A study led by Western University researchers found that in the non-profit and municipal public sectors, visible minorities are significantly underrepresented in senior leadership in London and Ottawa.
The study, released Tuesday, found that representation in Hamilton is more equitable.
A team of researchers led by Western’s Stelian Medianu and Victoria Esses assessed publicly available photographs of 2,415 sector leaders and found that while 13.1% of London’s population consists of visible minorities, only 7.9% of senior leaders were identified as visible minorities.
“For the municipal public sector, so these are senior leaders in municipal positions, we found nobody who was a visible minority based on a list of the senior management,” Director of the Western Centre for Research on Migration and Ethnic Relations Victoria Esses tells AM980.
“It’s important to have the decision makers represent the population for whom they’re making decisions. If there isn’t a broad range of perspectives included in the decision-making process, we don’t know that the diverse needs and interests of the London population are being represented.”
In Ottawa, visible minorities make up 19.4% of the general population while only 11.9% of senior leaders.
Meantime, visible minorities in Hamilton are 13.8% of senior leaders which is closely aligned with the makeup of the general population which is 14.3% visible minorities.
When looking specifically at visible minority women, in London, 3.1% of senior leaders are visible minority women compared to 6.5% of the general population while in Ottawa only 4.2% of senior leaders were visible minority women compared to 10% of the general population.

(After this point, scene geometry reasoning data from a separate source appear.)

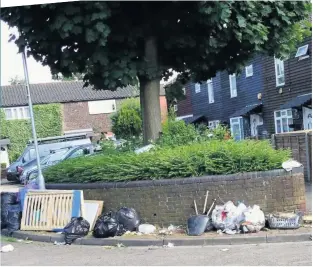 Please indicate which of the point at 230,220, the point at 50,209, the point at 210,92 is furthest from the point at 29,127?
the point at 230,220

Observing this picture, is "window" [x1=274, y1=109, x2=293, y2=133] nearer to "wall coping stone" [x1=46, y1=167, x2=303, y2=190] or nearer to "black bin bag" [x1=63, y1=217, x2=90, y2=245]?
"wall coping stone" [x1=46, y1=167, x2=303, y2=190]

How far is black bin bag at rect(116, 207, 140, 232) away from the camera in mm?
8141

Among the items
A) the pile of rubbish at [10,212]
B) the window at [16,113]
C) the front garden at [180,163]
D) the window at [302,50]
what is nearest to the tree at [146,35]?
the front garden at [180,163]

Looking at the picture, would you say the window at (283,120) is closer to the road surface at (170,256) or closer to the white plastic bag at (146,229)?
the white plastic bag at (146,229)

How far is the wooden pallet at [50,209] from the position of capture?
28.8 feet

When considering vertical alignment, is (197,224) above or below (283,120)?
below

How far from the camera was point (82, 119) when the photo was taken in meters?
44.6

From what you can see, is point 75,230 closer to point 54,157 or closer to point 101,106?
point 54,157

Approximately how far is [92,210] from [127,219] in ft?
2.93

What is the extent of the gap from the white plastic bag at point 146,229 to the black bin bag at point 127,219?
12 cm

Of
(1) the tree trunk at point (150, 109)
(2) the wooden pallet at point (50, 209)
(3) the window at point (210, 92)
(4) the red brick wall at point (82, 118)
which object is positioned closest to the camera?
(2) the wooden pallet at point (50, 209)

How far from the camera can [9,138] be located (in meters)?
38.3

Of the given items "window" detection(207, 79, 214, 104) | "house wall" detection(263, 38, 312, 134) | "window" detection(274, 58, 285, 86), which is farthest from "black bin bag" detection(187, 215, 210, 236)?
"window" detection(207, 79, 214, 104)

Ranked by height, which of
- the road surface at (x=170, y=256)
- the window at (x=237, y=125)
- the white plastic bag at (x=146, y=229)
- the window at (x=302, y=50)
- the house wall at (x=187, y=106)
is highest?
the window at (x=302, y=50) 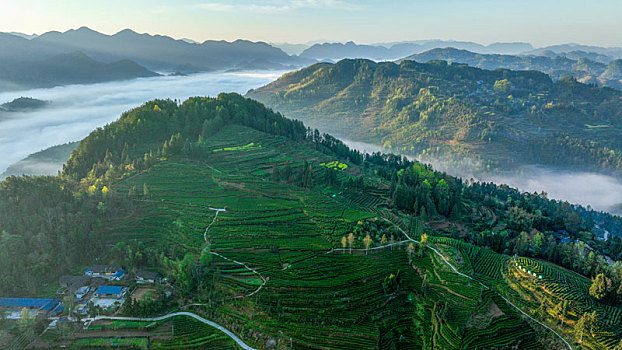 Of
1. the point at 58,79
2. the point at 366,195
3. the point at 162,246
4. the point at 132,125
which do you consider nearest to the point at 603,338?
the point at 366,195

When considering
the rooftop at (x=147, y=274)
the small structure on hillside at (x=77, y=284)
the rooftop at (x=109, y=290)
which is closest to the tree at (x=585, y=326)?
the rooftop at (x=147, y=274)

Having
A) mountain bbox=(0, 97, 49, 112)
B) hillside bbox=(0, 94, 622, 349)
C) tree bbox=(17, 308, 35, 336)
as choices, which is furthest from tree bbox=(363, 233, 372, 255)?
mountain bbox=(0, 97, 49, 112)

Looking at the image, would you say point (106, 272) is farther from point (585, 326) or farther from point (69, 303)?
point (585, 326)

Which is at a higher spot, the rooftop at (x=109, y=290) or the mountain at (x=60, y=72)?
the mountain at (x=60, y=72)

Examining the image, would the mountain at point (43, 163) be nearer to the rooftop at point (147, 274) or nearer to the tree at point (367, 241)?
the rooftop at point (147, 274)

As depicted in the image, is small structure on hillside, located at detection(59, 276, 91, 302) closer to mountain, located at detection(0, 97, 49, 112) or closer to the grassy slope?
the grassy slope

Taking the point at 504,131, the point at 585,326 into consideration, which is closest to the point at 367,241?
the point at 585,326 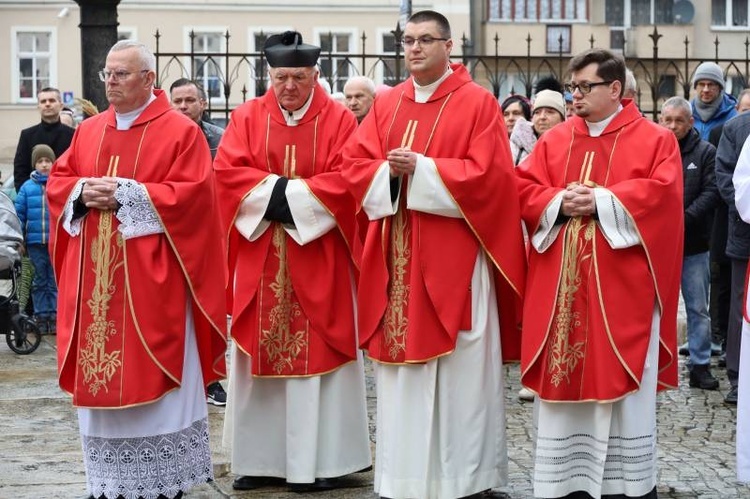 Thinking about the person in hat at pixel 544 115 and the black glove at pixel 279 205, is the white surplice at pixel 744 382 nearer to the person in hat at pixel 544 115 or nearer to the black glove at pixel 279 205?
the black glove at pixel 279 205

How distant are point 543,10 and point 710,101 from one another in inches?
1115

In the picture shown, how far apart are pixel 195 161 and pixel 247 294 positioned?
0.86 meters

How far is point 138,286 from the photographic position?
6.96m

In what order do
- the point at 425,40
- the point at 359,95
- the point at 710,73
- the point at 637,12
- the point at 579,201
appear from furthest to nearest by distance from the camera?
the point at 637,12 < the point at 710,73 < the point at 359,95 < the point at 425,40 < the point at 579,201

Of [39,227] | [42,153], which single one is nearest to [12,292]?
[39,227]

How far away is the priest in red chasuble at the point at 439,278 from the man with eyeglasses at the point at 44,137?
664 centimetres

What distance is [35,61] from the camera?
36.9 metres

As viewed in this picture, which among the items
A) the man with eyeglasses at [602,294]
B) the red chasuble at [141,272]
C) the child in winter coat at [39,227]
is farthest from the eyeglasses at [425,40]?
the child in winter coat at [39,227]

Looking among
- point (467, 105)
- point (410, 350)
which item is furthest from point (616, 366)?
point (467, 105)

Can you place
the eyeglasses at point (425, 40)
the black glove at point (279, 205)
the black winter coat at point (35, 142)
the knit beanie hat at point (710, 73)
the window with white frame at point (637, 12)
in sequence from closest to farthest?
the eyeglasses at point (425, 40) → the black glove at point (279, 205) → the knit beanie hat at point (710, 73) → the black winter coat at point (35, 142) → the window with white frame at point (637, 12)

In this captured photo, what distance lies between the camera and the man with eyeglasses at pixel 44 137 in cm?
1327

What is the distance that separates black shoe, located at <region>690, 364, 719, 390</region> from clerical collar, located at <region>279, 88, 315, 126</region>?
4052 mm

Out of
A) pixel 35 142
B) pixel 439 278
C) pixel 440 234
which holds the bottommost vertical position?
pixel 439 278

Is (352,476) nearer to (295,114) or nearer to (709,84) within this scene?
(295,114) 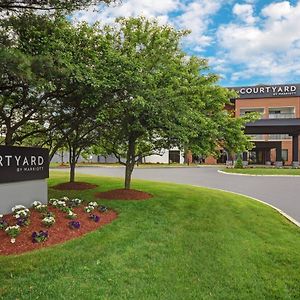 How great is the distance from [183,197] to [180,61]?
493cm

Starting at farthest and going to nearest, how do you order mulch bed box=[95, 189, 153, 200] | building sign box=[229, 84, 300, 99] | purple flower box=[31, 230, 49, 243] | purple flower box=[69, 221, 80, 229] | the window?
building sign box=[229, 84, 300, 99] → the window → mulch bed box=[95, 189, 153, 200] → purple flower box=[69, 221, 80, 229] → purple flower box=[31, 230, 49, 243]

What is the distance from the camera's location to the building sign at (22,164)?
24.7 feet

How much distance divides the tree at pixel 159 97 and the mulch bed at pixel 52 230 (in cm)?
293

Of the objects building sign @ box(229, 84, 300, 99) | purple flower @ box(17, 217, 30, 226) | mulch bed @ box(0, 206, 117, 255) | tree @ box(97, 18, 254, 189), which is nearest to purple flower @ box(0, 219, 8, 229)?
mulch bed @ box(0, 206, 117, 255)

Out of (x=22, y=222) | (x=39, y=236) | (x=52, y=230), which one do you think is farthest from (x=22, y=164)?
(x=39, y=236)

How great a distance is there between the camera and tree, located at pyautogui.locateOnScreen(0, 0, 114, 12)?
6.47 metres

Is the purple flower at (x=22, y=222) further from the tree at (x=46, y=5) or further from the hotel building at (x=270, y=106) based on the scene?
the hotel building at (x=270, y=106)

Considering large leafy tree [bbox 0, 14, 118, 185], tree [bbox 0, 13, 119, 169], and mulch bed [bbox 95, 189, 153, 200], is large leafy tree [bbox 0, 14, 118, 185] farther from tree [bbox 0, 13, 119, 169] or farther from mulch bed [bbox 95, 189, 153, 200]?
mulch bed [bbox 95, 189, 153, 200]

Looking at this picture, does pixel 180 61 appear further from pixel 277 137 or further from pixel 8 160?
pixel 277 137

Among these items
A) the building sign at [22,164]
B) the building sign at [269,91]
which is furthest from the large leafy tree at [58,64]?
the building sign at [269,91]

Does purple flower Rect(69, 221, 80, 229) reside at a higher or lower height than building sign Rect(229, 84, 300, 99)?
lower

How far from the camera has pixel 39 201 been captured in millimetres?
8688

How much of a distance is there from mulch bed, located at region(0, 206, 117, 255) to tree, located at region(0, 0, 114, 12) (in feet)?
13.8

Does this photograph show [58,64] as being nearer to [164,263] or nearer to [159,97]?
[159,97] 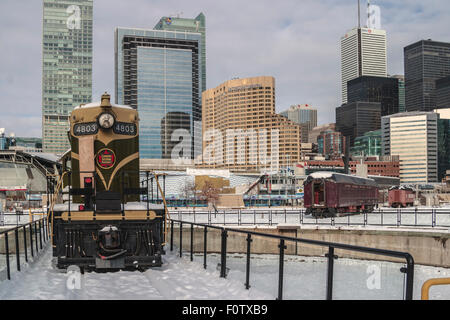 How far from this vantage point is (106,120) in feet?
44.4

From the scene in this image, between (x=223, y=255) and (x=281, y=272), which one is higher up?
(x=281, y=272)

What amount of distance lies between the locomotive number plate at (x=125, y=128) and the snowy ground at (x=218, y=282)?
4.29 meters

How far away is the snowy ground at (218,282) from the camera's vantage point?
6.34m

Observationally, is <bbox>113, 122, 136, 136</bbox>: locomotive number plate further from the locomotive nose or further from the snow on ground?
the snow on ground

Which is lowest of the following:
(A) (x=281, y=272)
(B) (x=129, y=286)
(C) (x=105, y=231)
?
(B) (x=129, y=286)

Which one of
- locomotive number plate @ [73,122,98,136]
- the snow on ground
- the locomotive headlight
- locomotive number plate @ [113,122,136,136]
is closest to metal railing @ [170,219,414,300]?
the snow on ground

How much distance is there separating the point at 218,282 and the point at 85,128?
6.66 metres

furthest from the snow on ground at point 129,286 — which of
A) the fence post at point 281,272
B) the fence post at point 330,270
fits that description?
the fence post at point 330,270

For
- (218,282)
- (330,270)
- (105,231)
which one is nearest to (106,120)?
(105,231)

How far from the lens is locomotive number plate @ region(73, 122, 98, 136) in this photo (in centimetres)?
1367

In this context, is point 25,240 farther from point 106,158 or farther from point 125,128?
point 125,128

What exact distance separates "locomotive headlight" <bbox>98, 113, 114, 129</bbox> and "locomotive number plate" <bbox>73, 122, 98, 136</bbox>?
0.27m

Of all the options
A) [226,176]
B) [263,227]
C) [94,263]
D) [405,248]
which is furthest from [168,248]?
[226,176] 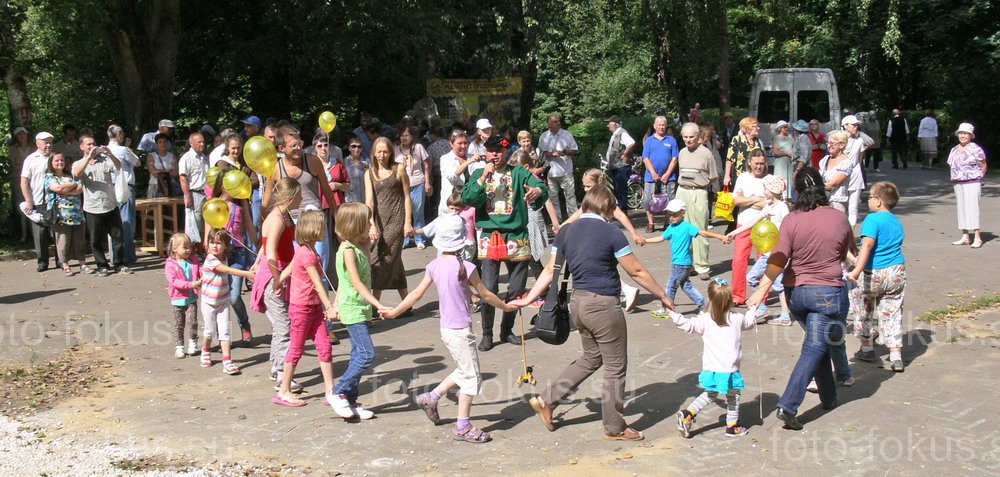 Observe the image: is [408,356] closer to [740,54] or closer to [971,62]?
[971,62]

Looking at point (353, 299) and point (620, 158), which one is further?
point (620, 158)

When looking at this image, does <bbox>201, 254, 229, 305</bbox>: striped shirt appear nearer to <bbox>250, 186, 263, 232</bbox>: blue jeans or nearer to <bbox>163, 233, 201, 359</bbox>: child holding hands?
<bbox>163, 233, 201, 359</bbox>: child holding hands

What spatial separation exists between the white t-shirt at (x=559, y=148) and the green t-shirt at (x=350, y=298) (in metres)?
8.66

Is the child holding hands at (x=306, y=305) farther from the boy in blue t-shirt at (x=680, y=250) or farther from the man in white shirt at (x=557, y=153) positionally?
the man in white shirt at (x=557, y=153)

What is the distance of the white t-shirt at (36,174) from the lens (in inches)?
521

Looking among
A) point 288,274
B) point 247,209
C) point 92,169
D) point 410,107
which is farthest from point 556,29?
point 288,274

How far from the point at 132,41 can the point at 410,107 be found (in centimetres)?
832

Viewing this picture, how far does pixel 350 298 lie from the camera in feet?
23.5

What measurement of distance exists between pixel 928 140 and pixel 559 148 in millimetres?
15026

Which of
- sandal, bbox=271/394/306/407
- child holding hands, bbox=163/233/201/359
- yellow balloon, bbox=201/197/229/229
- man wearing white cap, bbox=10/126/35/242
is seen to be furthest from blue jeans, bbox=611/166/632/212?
sandal, bbox=271/394/306/407

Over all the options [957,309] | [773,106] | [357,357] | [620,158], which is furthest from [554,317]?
[773,106]

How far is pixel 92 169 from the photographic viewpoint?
13320 mm

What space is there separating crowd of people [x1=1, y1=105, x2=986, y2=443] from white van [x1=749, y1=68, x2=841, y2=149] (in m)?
6.22

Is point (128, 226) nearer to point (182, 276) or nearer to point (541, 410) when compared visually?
point (182, 276) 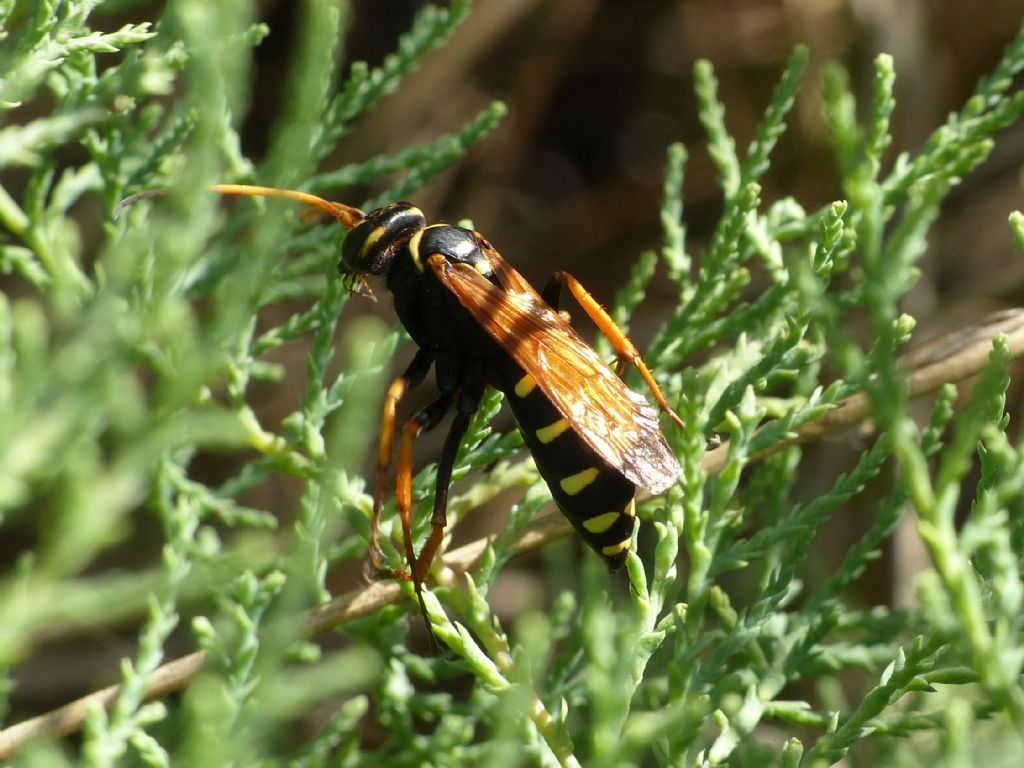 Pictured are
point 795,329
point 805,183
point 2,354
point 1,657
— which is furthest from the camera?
point 805,183

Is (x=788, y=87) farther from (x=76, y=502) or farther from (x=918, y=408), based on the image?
(x=918, y=408)

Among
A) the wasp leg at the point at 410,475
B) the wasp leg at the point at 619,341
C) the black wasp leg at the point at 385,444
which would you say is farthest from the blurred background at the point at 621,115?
the wasp leg at the point at 619,341

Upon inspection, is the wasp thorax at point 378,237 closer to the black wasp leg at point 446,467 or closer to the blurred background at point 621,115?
the black wasp leg at point 446,467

In Hamilton, visible minority women were represented in senior leadership positions at a direct match to their overall representation, at 7.3%.
“These results demonstrate that there is still much work to do to ensure that the voices of visible minorities, and particularly visible minority women, are heard through their representation in the most senior leadership positions in the non-profit and public sectors,” said Esses.
The research is in part thanks to London’s Pillar Nonprofit Network which applied for a Mitacs Accelerate Intership in partnership with the Hamilton Centre for Civic Inclusion and Volunteer Ottawa and was funded by the Ontario Trillium Foundation through the DiverseCity onBoard Program.